PROBLEM TO SOLVE: Your copy should contain exactly the lines from the one that holds "その他 LP Jackie" through the end of the material, reproduced as written, with no pictures.

INPUT DATA:
******

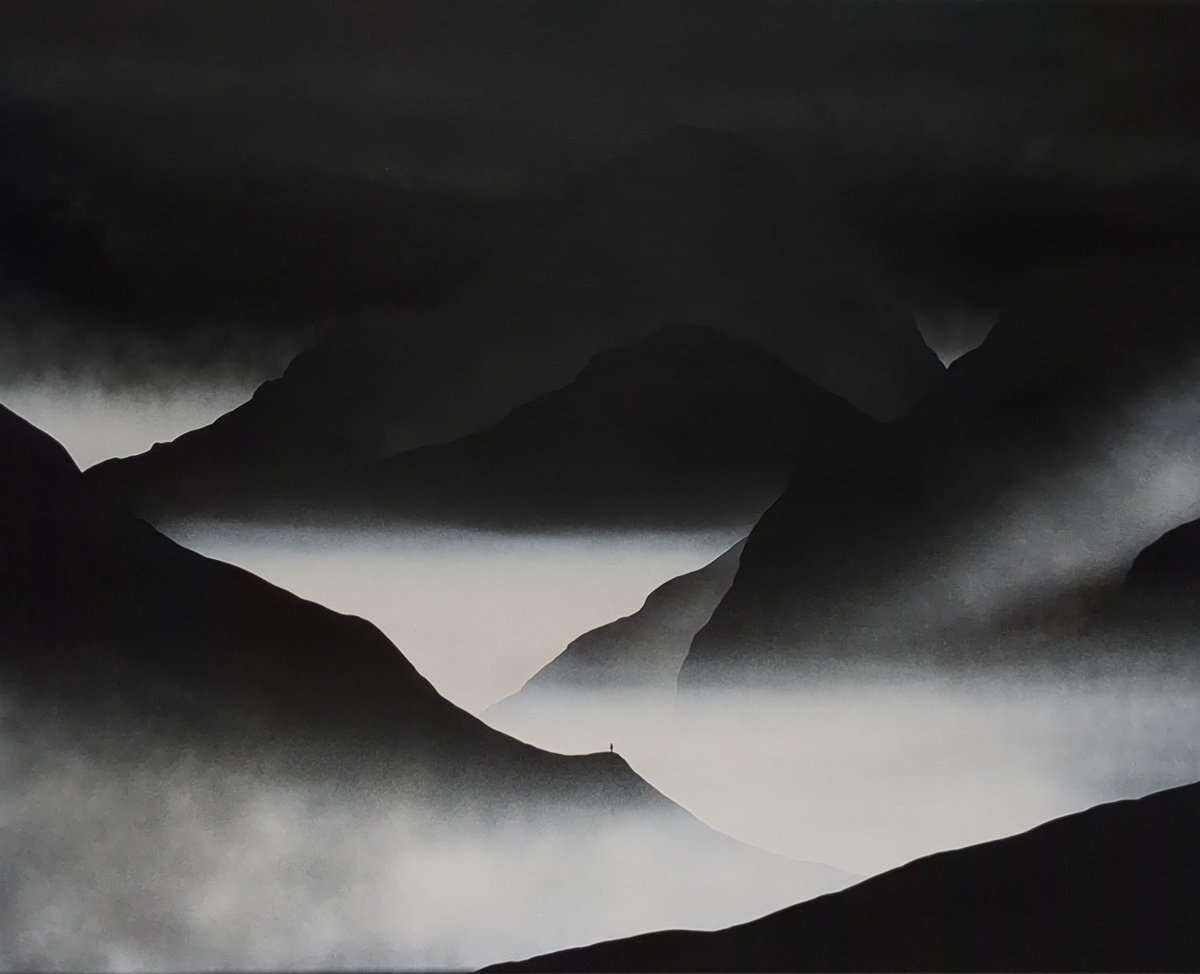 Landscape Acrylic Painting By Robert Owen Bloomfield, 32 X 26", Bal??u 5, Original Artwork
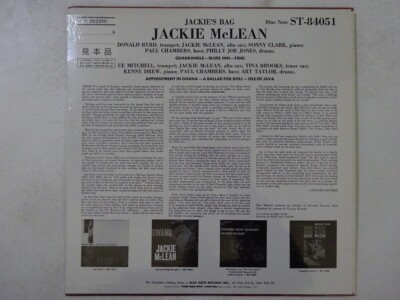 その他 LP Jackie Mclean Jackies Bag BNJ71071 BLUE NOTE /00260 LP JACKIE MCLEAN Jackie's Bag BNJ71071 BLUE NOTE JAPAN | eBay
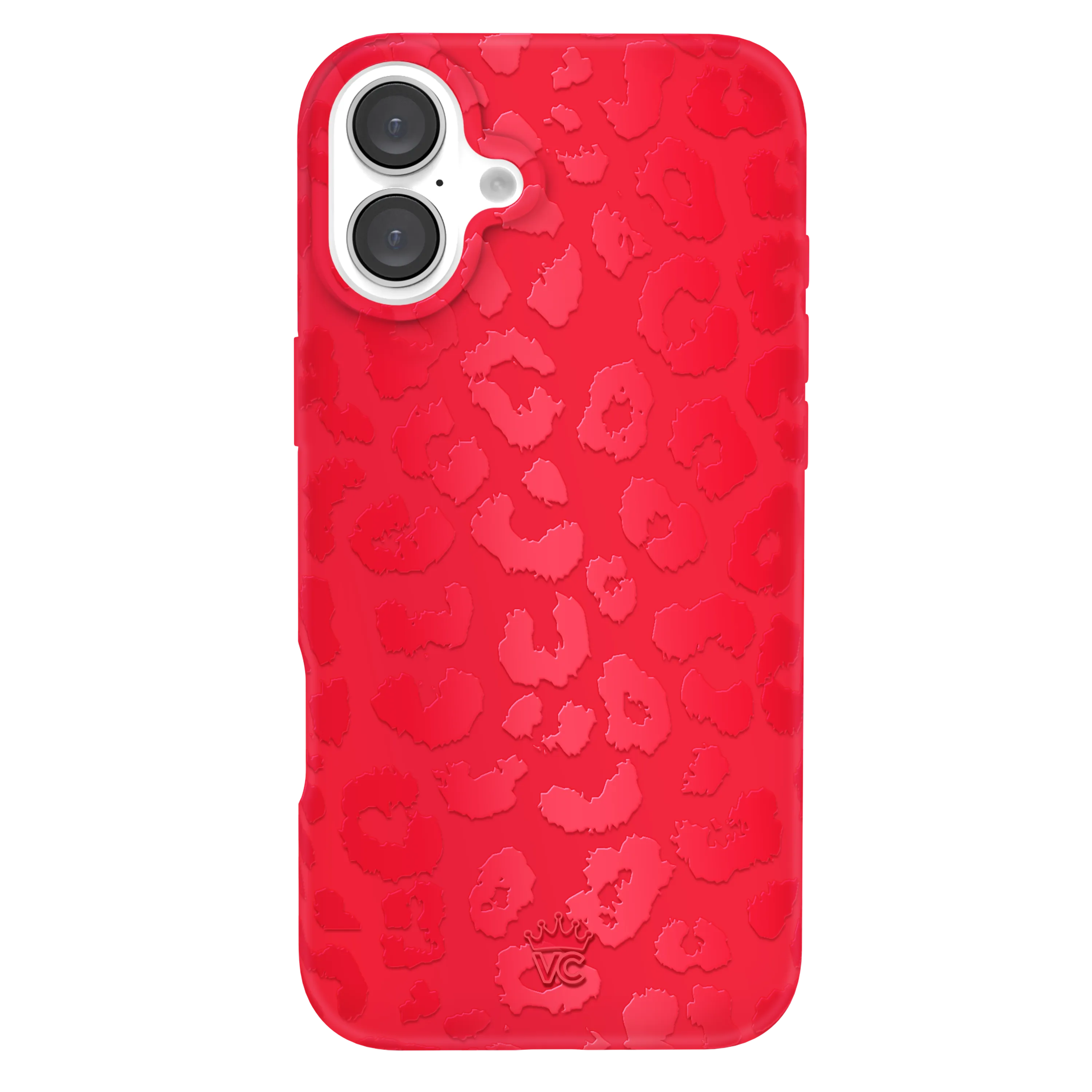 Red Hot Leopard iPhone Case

******

OUTPUT FOR THIS EXERCISE:
 その他 LP Jackie Mclean Jackies Bag BNJ71071 BLUE NOTE /00260 LP JACKIE MCLEAN Jackie's Bag BNJ71071 BLUE NOTE JAPAN | eBay
 Red Hot Leopard iPhone Case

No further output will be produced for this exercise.